Correio braziliense, n. 20855 , 28/06/2020. Cidades, p.17

 

Avanço da covid-19 acende alerta na saúde do DF

Darcianne Diogo

Roberta Pinheiro

28/06/2020

 

 

CORONAVÍRUS » Dos 497 leitos disponíveis na rede pública para tratar pacientes diagnosticados com coronavírus, 300 estão ocupados. Entidades médicas apontam dificuldades em hospitais, e Ministério Público questiona dados da Secretaria de Saúde 

O aumento no número de casos da covid-19 acende um alerta à população. Ontem, o Distrito Federal registrou 1.440 diagnósticos e cinco mortes provocadas pelo novo coronavírus. Com os registros, a capital passou para 42.766 infectados e 490 óbitos. Apesar da quantidade, 29.102 pacientes estão recuperados da covid-19. Portanto, há 13.127 casos ativos. Desses, 38 têm quadro clínico grave e 78, moderado.

Para receber os pacientes, os hospitais precisaram se readaptar e mudar a logística, algumas vezes no decorrer da curva epidêmica, para evitar a sobrecarga no sistema público de saúde. No entanto, vistorias promovidas por entidades da área apontam falhas nas unidades, como a falta de equipamentos de proteção individual (EPIs) aos profissionais, de medicamentos e de leitos nas unidades de terapia intensiva (UTIs).

Dos 497 leitos disponíveis na rede pública de saúde para tratar pacientes diagnosticados com coronavírus, 300 estão ocupados, segundo dados mais recentes da Secretaria de Saúde. No Hospital Regional do Paranoá, por exemplo, há, apenas, um leito disponível. Na unidade de Taguatinga, há três vagas. Os especialistas avaliam a situação e consideram que o DF se preparou há tempo para enfrentar a pandemia, mas o aumento dos casos pode fazer com que o sistema não suporte.
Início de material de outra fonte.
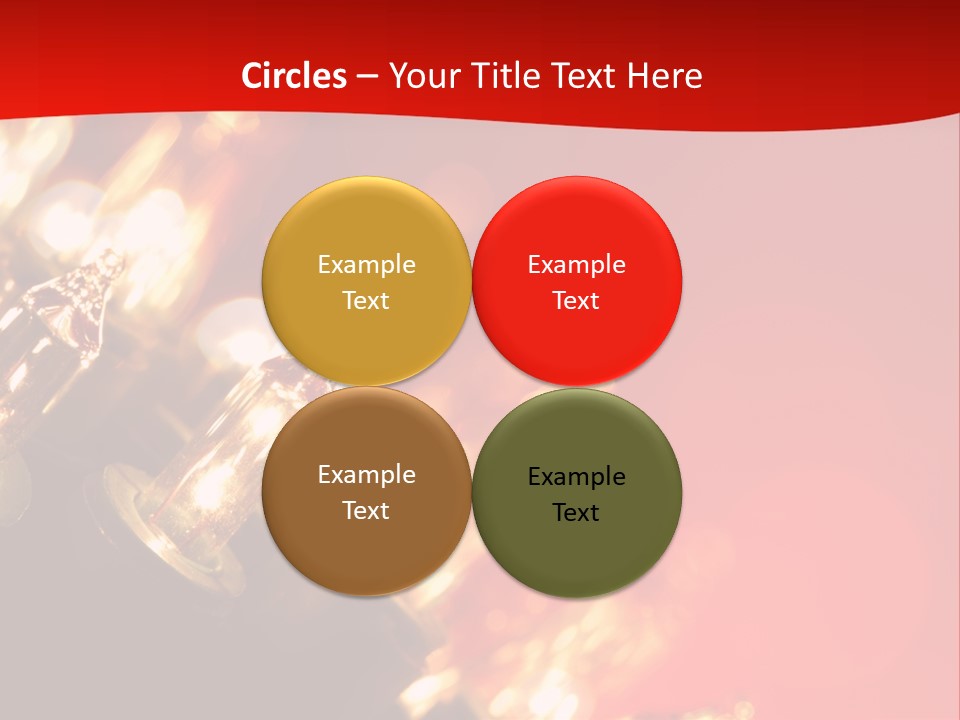 Christmas Lights Red Vibrant Color PowerPoint Template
“Houve uma mudança em relação à segregação de unidades exclusivas, tanto de enfermaria, quando de UTI e treinamento pessoal. Contudo, tivemos a vantagem de terem sido decretadas mais cedo as medidas de distanciamento social pelo governo. Mas, a quantidade de diagnósticos está subindo e temos que ficar de olho, observando as taxas de ocupação dos leitos e, caso necessário, retroceder quanto à liberação das atividades”, ressaltou Alexandre Cunha, infectologista do Hospital Brasília.

Na avaliação do médico, o DF teve uma situação privilegiada perante as outras unidades da Federação, no que diz respeito à falta de leitos. Contudo, é preciso atentar e não ignorar os números. “A consequência de uma sobrecarga é o aumento de óbitos evitáveis, de pacientes que poderiam ser salvos. Teríamos, ainda, mortes decorrentes de outras causas, de pessoas que poderiam estar em um leito”, destacou.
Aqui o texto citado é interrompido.